**Try it:** When you reproduce the data, keep every word exactly as it stands and leave the pictures out.

**Dataset excerpt:**
——————————

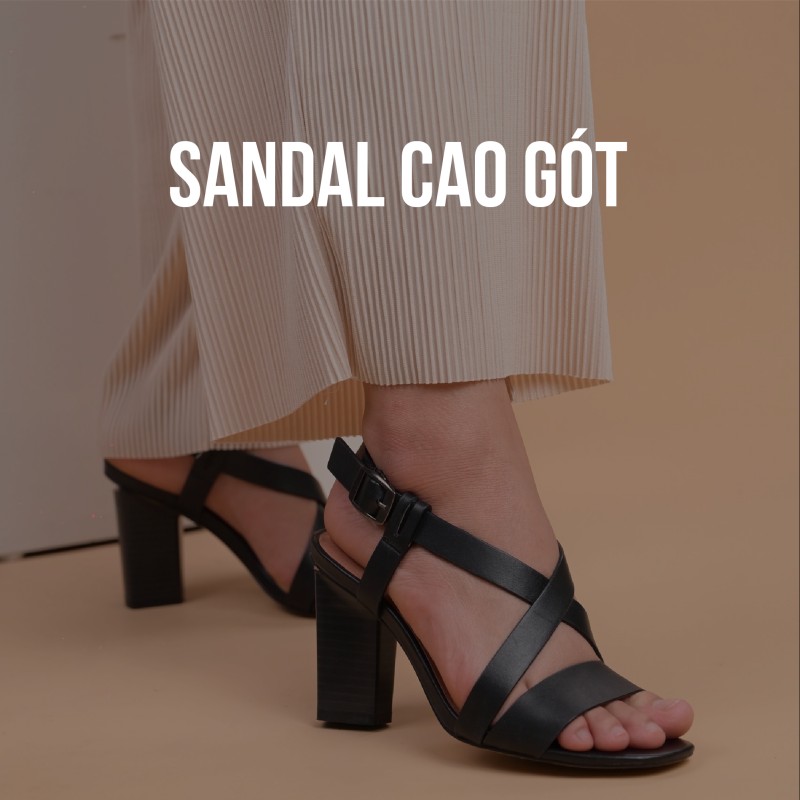 Sandal cao gót
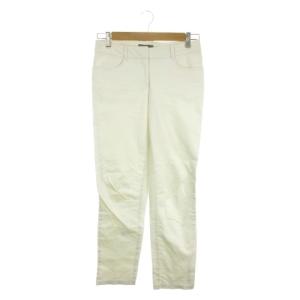 トミーヒルフィガー TOMMY HILFIGER パンツ 2 白 ホワイト 無地 フルレングス /AH1 ■GY58 レディース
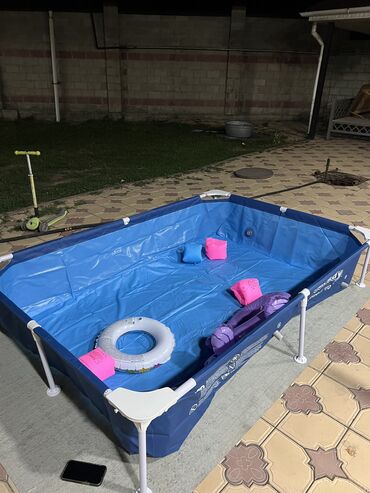 очки для плааание: Бассейн каркасный Bestway 2.21m x 1.50m x 43cm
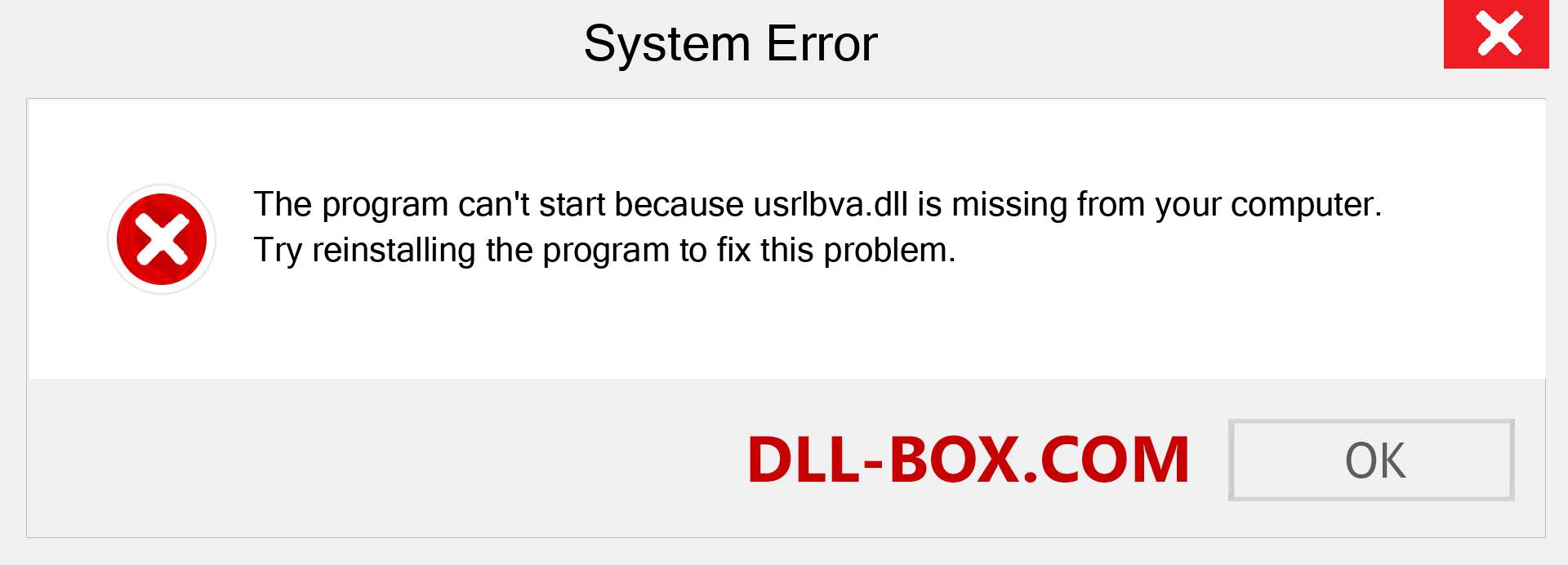  usrlbva.dll file is missing?. Download for Windows 7, 8, 10 - Fix  usrlbva dll Missing Error on Windows, photos, images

——————————

**Solution:**
 Sandal cao gót
 トミーヒルフィガー TOMMY HILFIGER パンツ 2 白 ホワイト 無地 フルレングス /AH1 ■GY58 レディース
 очки для плааание: Бассейн каркасный Bestway 2.21m x 1.50m x 43cm
  usrlbva.dll file is missing?. Download for Windows 7, 8, 10 - Fix  usrlbva dll Missing Error on Windows, photos, images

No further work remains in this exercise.